Don't these cache programs only work on repeat visitors since it has to be viewed by the user one time before it can be cached? How is this beneficial to me if I'm only sending a user to this sales page once?
Yes, a page is cached only after it is viewed for the first time. If you're creating a unique landing url, per visitor, a cache won't help you.
Also, I heard something about how you have to manually cache the site every time you change something on your blog, like making a new post. Is that right?
Most of them will purge cached pages if you update them. None of them, as far as I know, "prime the cache" in the way that you're asking. The typical use case is lots of visitors to the same url. So, the first visitor gets a slow load, everyone after (until the cache expiration) gets a fast load.

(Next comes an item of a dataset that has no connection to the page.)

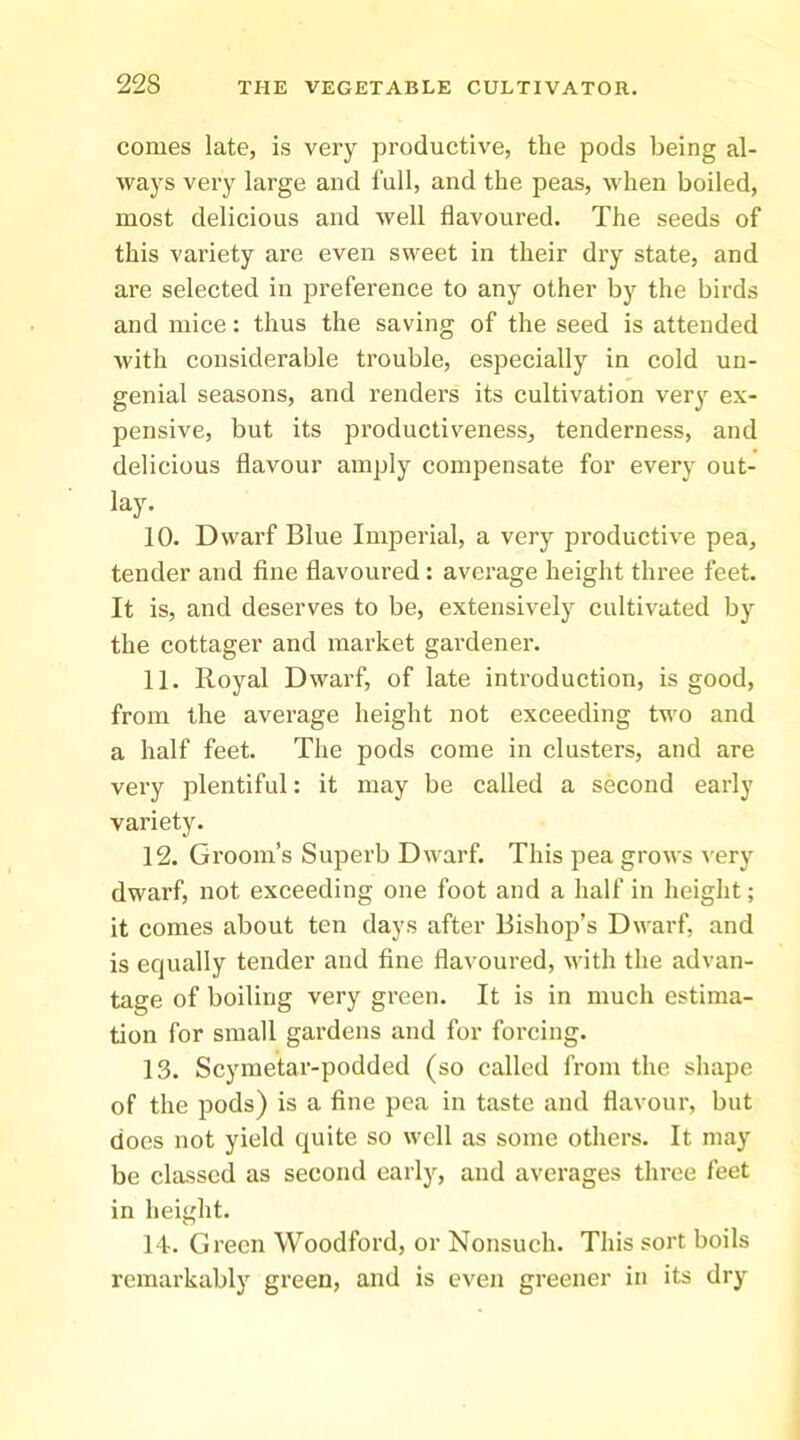 comes late, is very productive, the pods being al- ways very large and lull, and the peas, when boiled, most delicious and well flavoured. The seeds of this variety are even sweet in their dry state, and are selected in preference to any other by the birds and mice: thus the saving of the seed is attended with considerable trouble, especially in cold uu- genial seasons, and renders its cultivation very ex- pensive, but its productiveness, tenderness, and delicious flavour amply compensate for every out- lay. 10. Dwarf Blue Imperial, a very productive pea, tender and fine flavoured : average height three feet. It is, and deserves to be, extensively cultivated by the cottager and market gardener. 11. Royal Dwarf, of late introduction, is good, from the average height not exceeding two and a half feet. The pods come in clusters, and are very plentiful: it may be called a second early variety. 12. Groom’s Superb Dwarf. This pea grows very dwarf, not exceeding one foot and a half in height; it comes about ten days after Bishop’s Dwarf, and is equally tender and fine flavoured, \vith the advan- tage of boiling very green. It is in much estima- tion for small gardens and for forcing. 13. Scymetar-podded (so called from the shape of the pods) is a fine pea in taste and flavour, but does not yield quite so well as some others. It may be classed as second early, and averages three feet in height. I t. Green Woodford, or Nonsuch. This sort boils remarkably green, and is even greener in its dry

How much work is involved with these plugins?
Not much after you configure them (cache expiration time, urls to exclude from caching, etc.)
If you are are indeed using unique urls, per visitor, then you need something other than a page cache. The biggest bang for the buck would be an opcode cache, like apc, or the one that comes by default in php 5.5+.
Also, mentioned earlier, a lazy image loader that loads images just before the user scrolls down to them.
And, using a theme that isn't heavyweight. Most wordpress performance issues are caused by third party themes or plugins. A vanilla install, with the default theme + an opcode cache, is reasonably fast.